WASHINGTON (Reuters) - Merrick Garland, President Barack Obama’s U.S. Supreme Court selection, failed to persuade Senate Judiciary Committee Chairman Chuck Grassley during a private meeting on Tuesday to hold confirmation hearings on his nomination.
“As he indicated last week, Grassley explained why the Senate won’t be moving forward during this hyper-partisan election year,” Grassley’s office said in a statement that described the meeting as “cordial and pleasant.”
The two men met for 70 minutes in the Senate dining room. The Iowa Republican two decades ago also sought to block Garland’s nomination to the federal appeals court on which he currently serves as chief judge.
Garland later met privately with Lisa Murkowski, one of the dwindling number of moderate Senate Republicans. Her office issued a statement that also seemed to close the door on confirming Garland.

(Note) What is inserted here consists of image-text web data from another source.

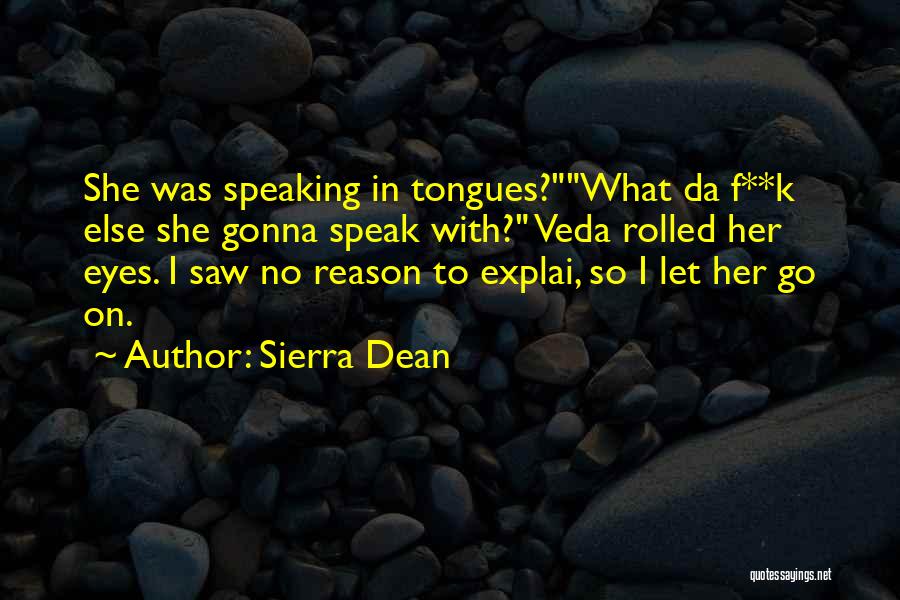 Sierra Dean Quotes 491778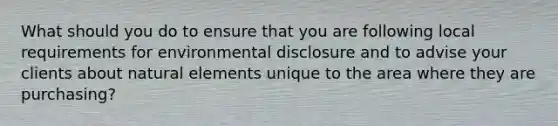 What should you do to ensure that you are following local requirements for environmental disclosure and to advise your clients about natural elements unique to the area where they are purchasing?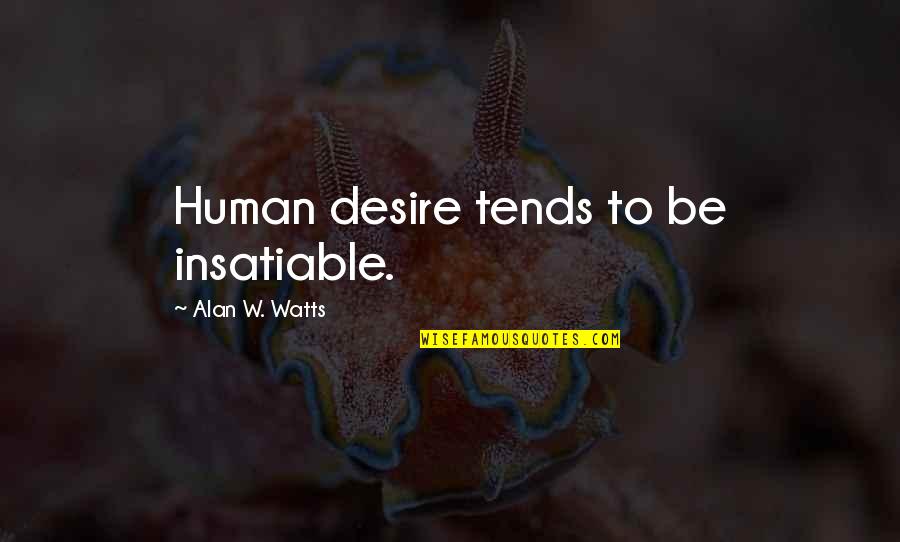 Insatiable Quotes By Alan W. Watts: Human desire tends to be insatiable.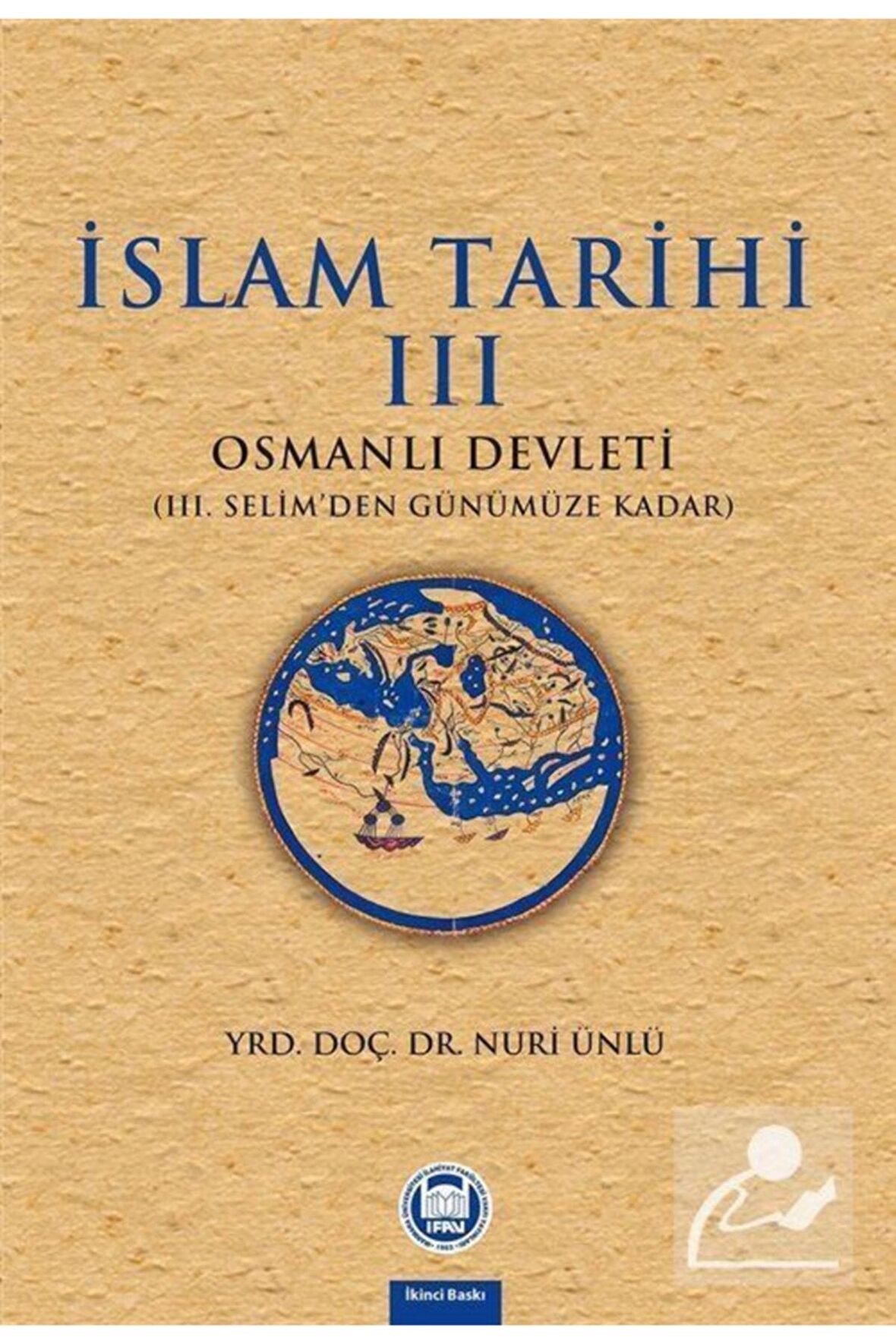 İslam Tarihi 3: Osmanlı Devleti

Garland was nominated by Obama, a Democrat, on March 16 to fill the Supreme Court vacancy created by the Feb. 13 death of conservative Justice Antonin Scalia.
Republicans who control the Senate are refusing to advance the nomination, prompting Democrats to accuse them of obstructionism and of ignoring their constitutional obligations.
Republicans insist that the next president, to be elected on Nov. 8 and take office Jan. 20, fill the vacancy, hoping a Republican will win the White House and choose a conservative rather than the centrist Garland.
Democrats applauded those Republicans willing to meet with Garland but said public hearings are essential.
“Dark-money groups (conservative contributors) are trying to do the Republicans’ dirty work and sully Judge Garland’s name while Republican senators prevent Judge Garland from explaining his views to the public,” New York Senator Chuck Schumer told reporters. “That is cowardly, it’s backward and it is wrong.”
The White House released a letter written by 15 former presidents of the American Bar Association to Senate leaders urging a timely hearing and a vote on Garland’s confirmation.
“The stated refusal to fill the ninth seat of the Supreme Court injects a degree of politics into the judicial branch that materially hampers the effective operation of our nation’s highest court and the lower courts over which it presides,” the former ABA leaders stated.
The conservative Tea Party Patriots and Judicial Crisis Network praised Grassley for holding firm against hearings.
In a Reuters-Ipsos poll that included 900 registered Democrats and 788 registered Republicans conducted April 5-12, 55 percent said the Senate should hold confirmation hearings.
The respondents were split along party lines, with 61 percent of Democrats supporting Garland’s confirmation compared to 22 percent of Republicans.